» **Exercise requirements**:
Without pictures, retype the following entries exactly.
>>>>>
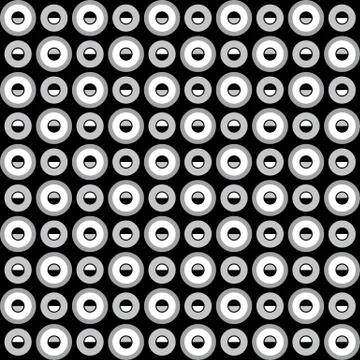 Geometric fun pattern with black white and grey circles on black background Stock Illustration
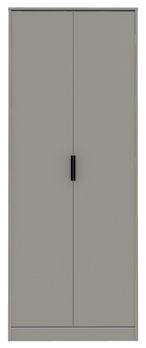 Diego Grey 2 Door Plain Tall Wardrobe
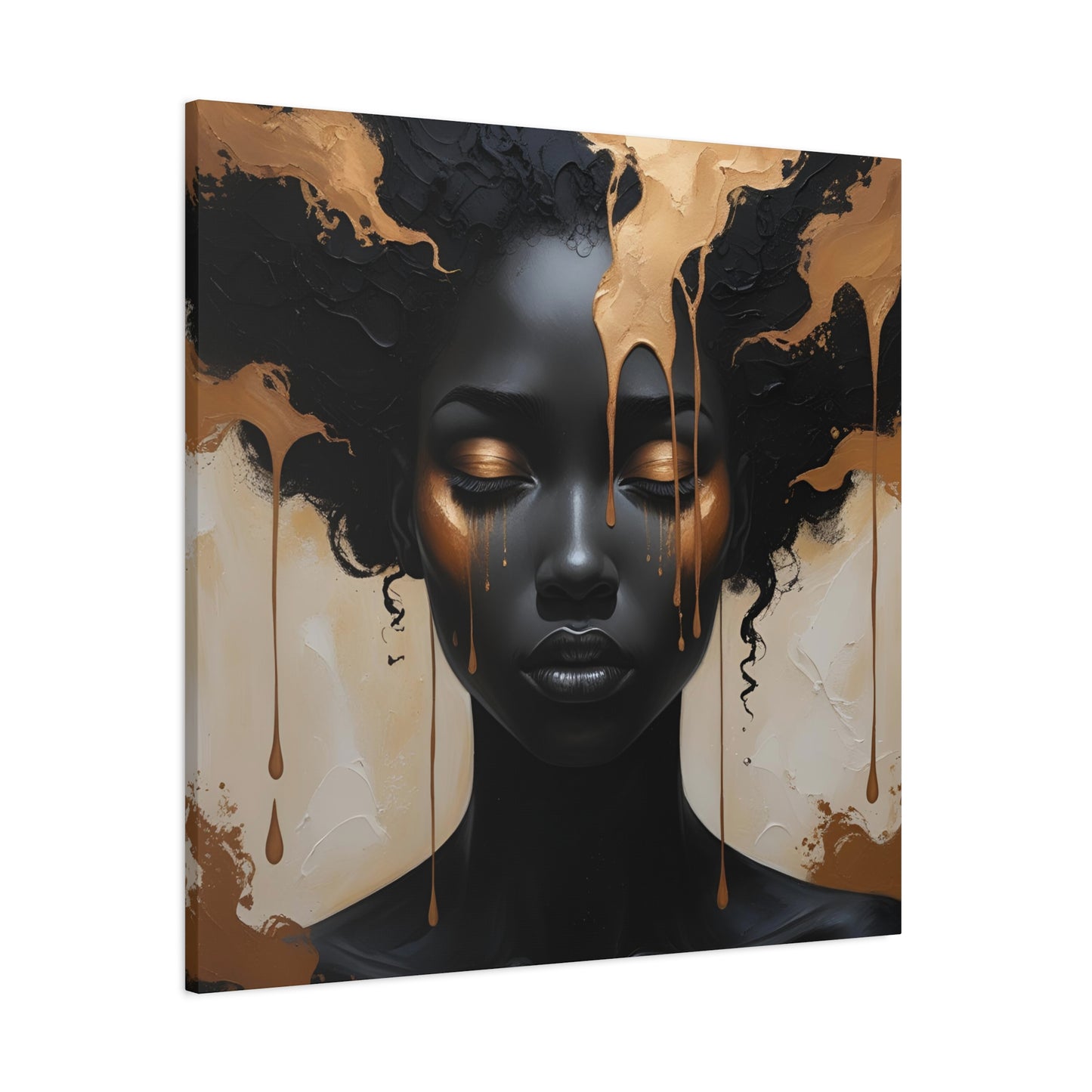 Abstract African Woman Canvas Wall Art – Bold Black and Bronze
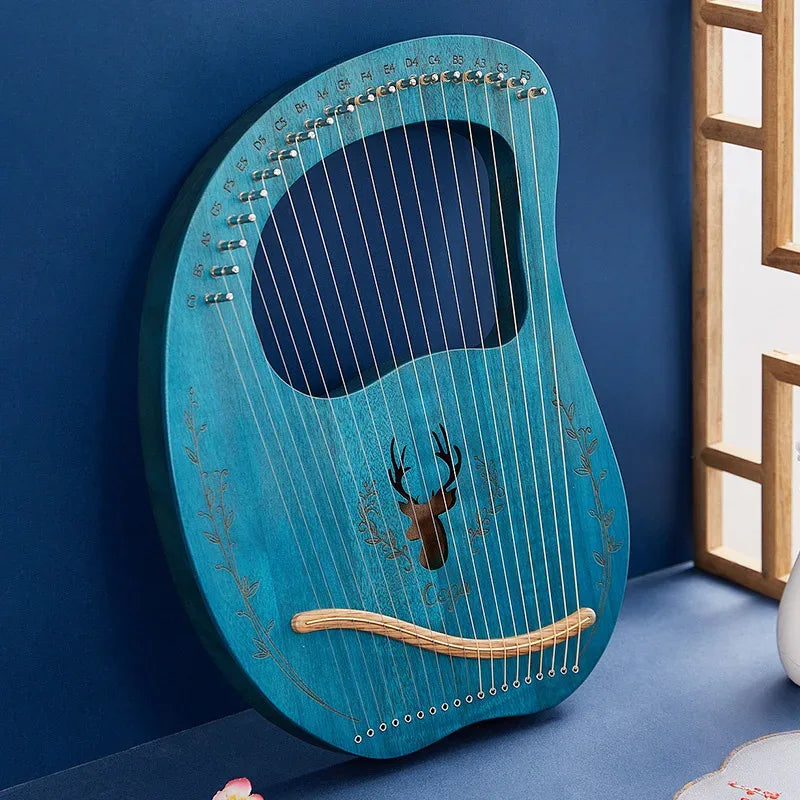 Lyre Harp 16 19 Strings Mahogany Wood Harp Piano 19 Strings Stringed Musical Instrument With Tuning Wrench Spare Strings - Luvia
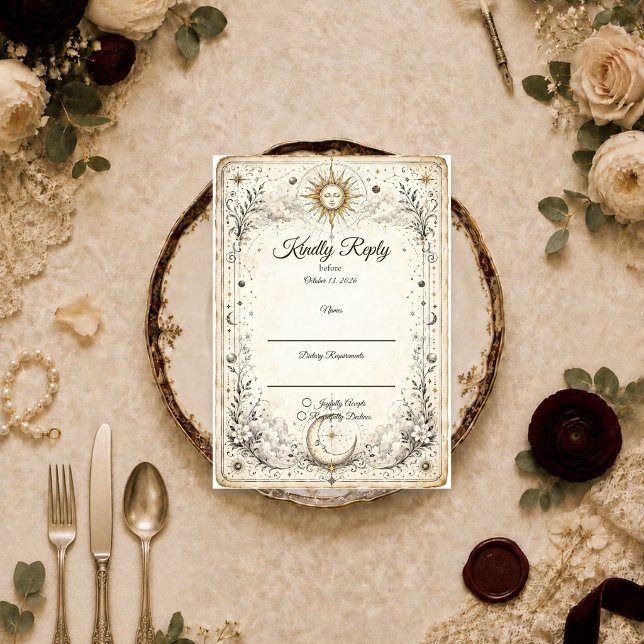 Cartão RSVP Casamento do Sol Lua Celestial Atemporal (Criador carregado)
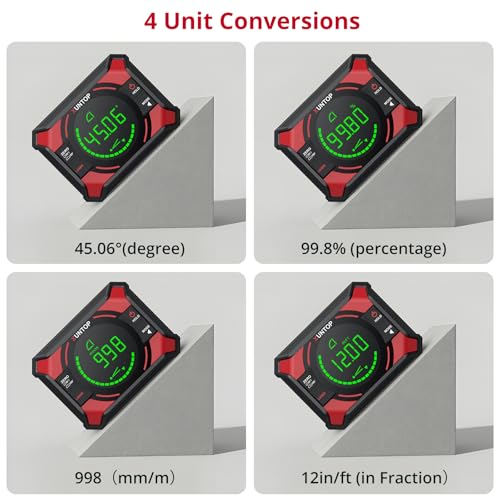Image of XUNTOP 4x90 /2x180(0.01) Digital Angle Finder with Dual Laser Digital Angle Gauge with Bottom and Back Magnetic Rechargeable Inclinometer with Digital Level Bubble (Class 2 Laser, <1mW Power Output)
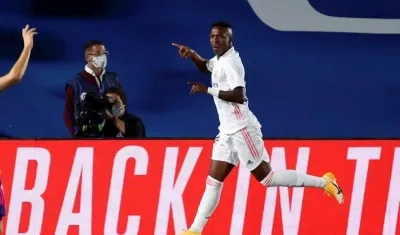 Vinicius celebra el gol del triunfo. 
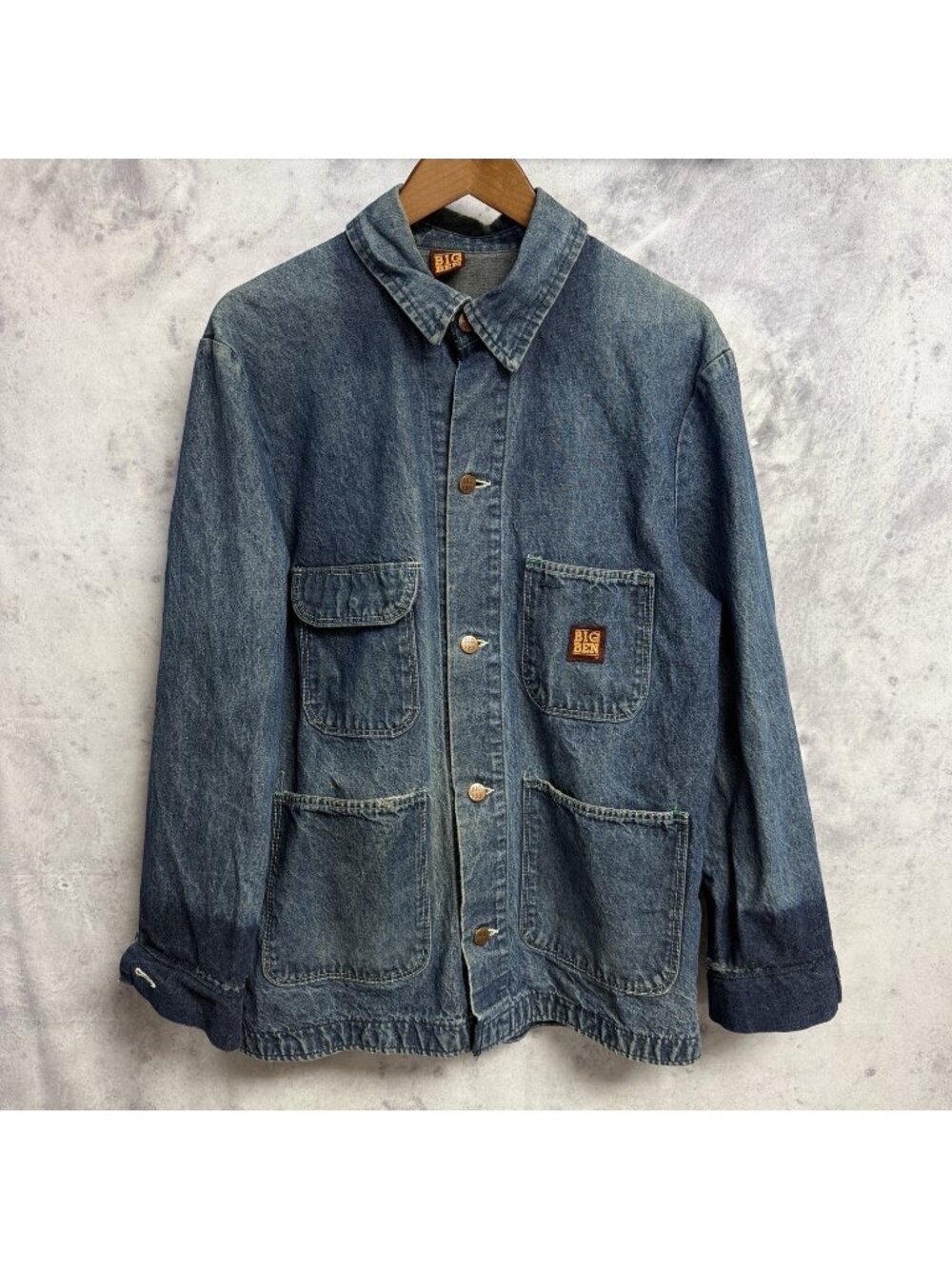 Vintage Big Ben Denim Chore Barn Coat Jacket Mens Medium Blue Workwear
<<<<<
» **Response**:
 Geometric fun pattern with black white and grey circles on black background Stock Illustration
 Diego Grey 2 Door Plain Tall Wardrobe
 Abstract African Woman Canvas Wall Art – Bold Black and Bronze
 Lyre Harp 16 19 Strings Mahogany Wood Harp Piano 19 Strings Stringed Musical Instrument With Tuning Wrench Spare Strings - Luvia
 Cartão RSVP Casamento do Sol Lua Celestial Atemporal (Criador carregado)
Image of XUNTOP 4x90 /2x180(0.01) Digital Angle Finder with Dual Laser Digital Angle Gauge with Bottom and Back Magnetic Rechargeable Inclinometer with Digital Level Bubble (Class 2 Laser, <1mW Power Output)
 Vinicius celebra el gol del triunfo. 
 Vintage Big Ben Denim Chore Barn Coat Jacket Mens Medium Blue Workwear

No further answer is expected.